Toronto Ontario - You probably haven't heard of Gogama, a small community in northeastern Ontario, but if you live anywhere near a railway line, you will want to pay attention.
This is particularly true if you live along the Canadian Pacific Railway (CP) line that cuts through Toronto.
Gogama jumped into the headlines in February, 2015, when a 100 car Canadian National Railway freight train carrying a form of heavy oil from Alberta derailed on a broken track west of Gogama.
Nineteen of the 29 tank cars that came off the tracks broke open spilling 1.7 million litres of crude.
The crude ignited and burned for five days.
Then, two weeks later, a 94 car CN oil train derailed on a bridge near Gogama and 39 tank cars derailed, spilling oil into the river.
The ensuing explosion and fire destroyed the bridge.
Luckily, no one was hurt in either accident and the town of about 450 people suffered no damage.
And, fortunately for CN, the remote location (about 200 kilometres northwest of Sudbury) and the forbidding cold (-31C at the time of the derailment) limited the amount of media coverage it got even though it came less than two years after the Lake Megantic disaster that killed 47 people.

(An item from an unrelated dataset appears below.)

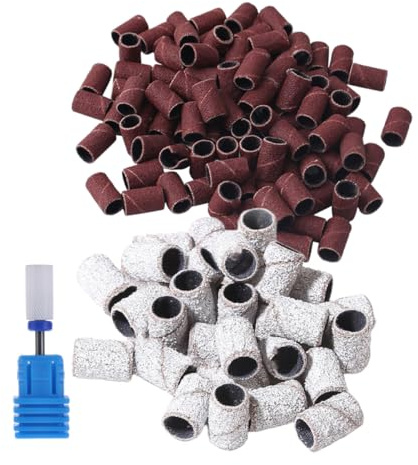 NOLITOY 201 Pièces Manchons de Ponçage pour Ongles Professionnels, Grains 80 et 120, Tête de Meulage Céramique Blanche N°3, Accessoires pour Manucure et Pédicure Adaptés à Perceuse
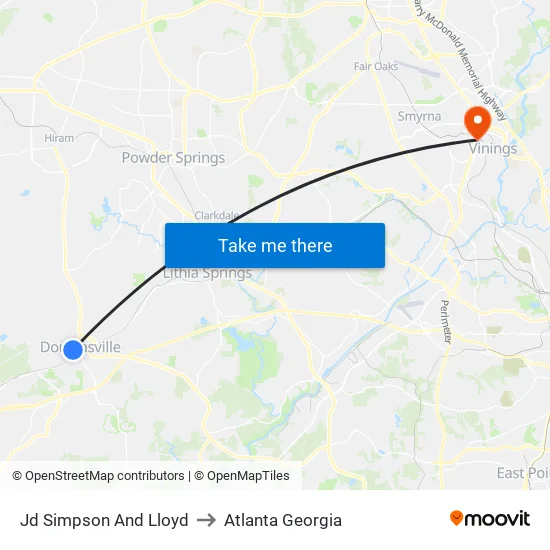 Jd Simpson And Lloyd to Atlanta Georgia map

But a recent report by the Transportation Safety Board (TSB) on the first accident concluded that more infernos are on the cards if the factors that cause derailment, chiefly, the speed at which trains run, the weight of the tank cars, the design of tank cars, the inadequacy of track maintenance, and of the training of railways workers aren't addressed.

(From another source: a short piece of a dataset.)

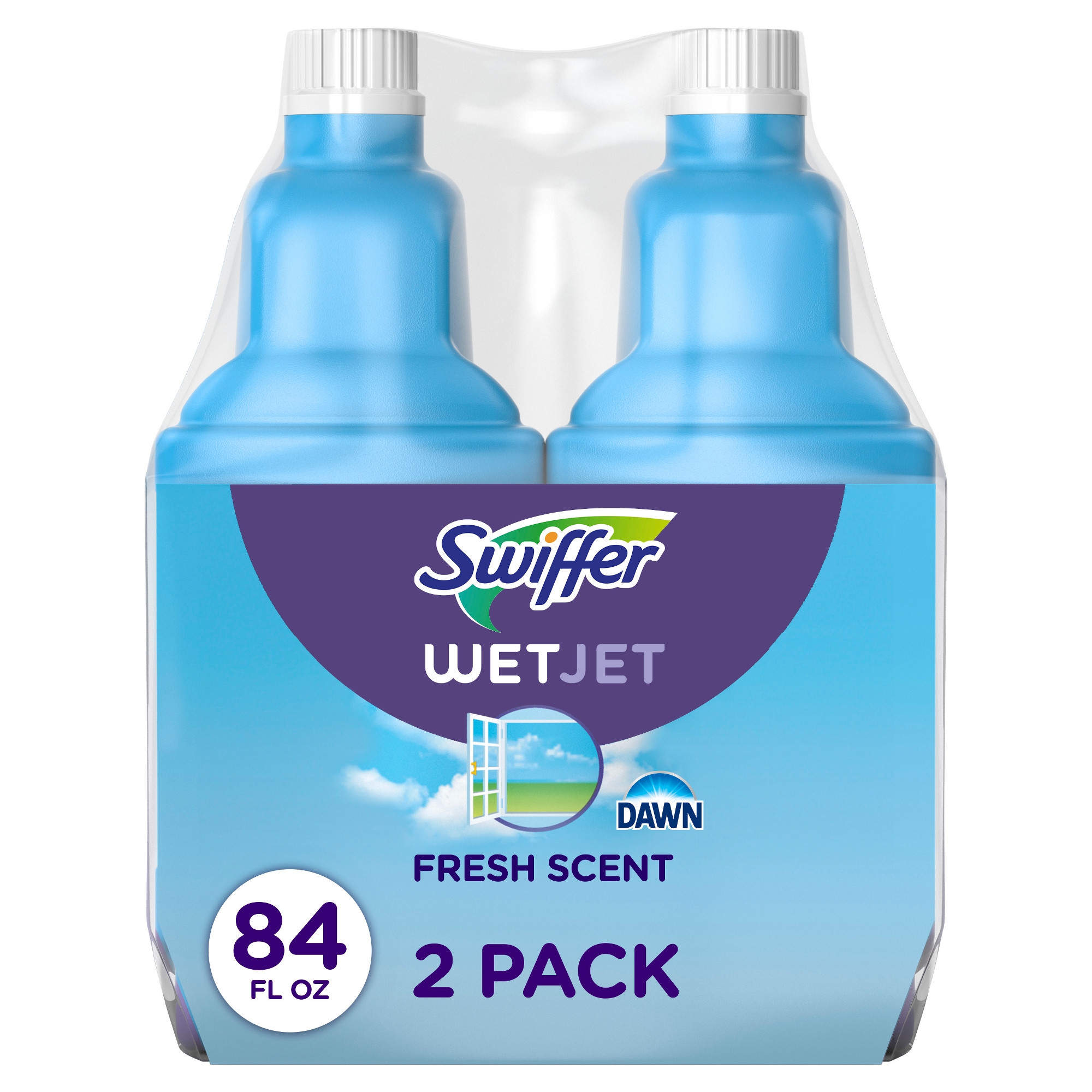 Swiffer Wet Jet Multi-Purpose Cleaner - Fresh - 84.4 fl oz/2ct: For Swiffer Mops, Multi-Surface Use, Mop Refills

The TSB report on the second accident has yet to be released.
Both trains would have passed through the Greater Toronto Area en route to a Quebec refinery.

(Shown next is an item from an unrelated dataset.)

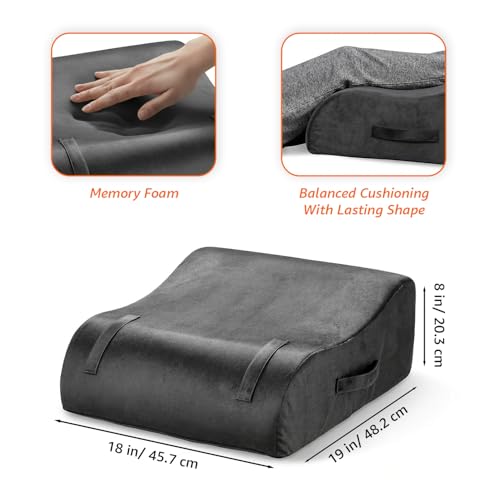 Image of amazon basics Wedge Elevator Pillow | Multi-Purpose Leg, Foot & Back Support | High Resilience Foam | for Sleeping, Relaxing & Lounging | 19 x 18 x 8 in | Grey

The February train was travelling at 38 miles per hour (61 km/h), two mph below the federally mandated speed limit for trains carrying dangerous goods, and using tank cars built to newer (if insufficient) standards.
The TSB found that defects on the track went un-repaired because of shortfalls in training and supervisory support.
Transport Canada (TC) had not inspected that stretch of track in the two years before the derailments.
"This accident occurred on an isolated stretch of rail in northern Ontario and thankfully no one was injured," TSB chair Kathy Fox told a news conference when her report was issued.
"But so long as the same risks exist, track-maintenance issues, railway personnel training, train speed, and tank cars that aren't sufficiently robust, the consequences of the next rail accident may not only be environmental."
This is a chilling warning.
Last summer, Torontonians got a wake-up call when a CP train derailed as it moved along the Dupont Street corridor at Howland Avenue in the Annex (the same track over which the train to Lake Megantic had passed).
No one was hurt in that accident and only a small amount of diesel fuel was spilled.
The TSB is investigating and its report could come by the end of the year.
Two other CN freight trains have derailed this month, in Georgina on 5 Mar 2017 and near the Etobicoke North GO station two days later.
But, meanwhile, the CP line, which runs through some of Toronto's most densely populated areas, continues to carry dangerous goods at posted speeds higher than in the first Gogama derailment and in tank cars of the type that failed there.
In 2009, it carried just 500 oil tanker cars but the boom in fracking in North Dakota has been transformational and, at the peak in 2015, there were an estimated 140,000 car loads of volatile Bakken crude oil on the line.
Obviously, CP and CN are different lines, with different issues, but they both operate under the jurisdiction of TC.
Transport Minister Marc Garneau promised nearly a year ago that rail safety would be his No. 1 priority.
And yet the rail lines are still shipping dangerous goods at speeds the TSB is concerned may be too high and will be allowed to use deficient tank cars until 2025.
Rail safety remains a critical issue for communities large and small across Canada.
Garneau must listen to Mayor John Tory and 17 Toronto councillors representing neighbourhoods that border the CP line and quickly propose measures to allow Canadians to sleep safely in their homes at night.
Claire Kilgour-Hervey and Henry Wiercinski - of the lobby group "Rail Safety First".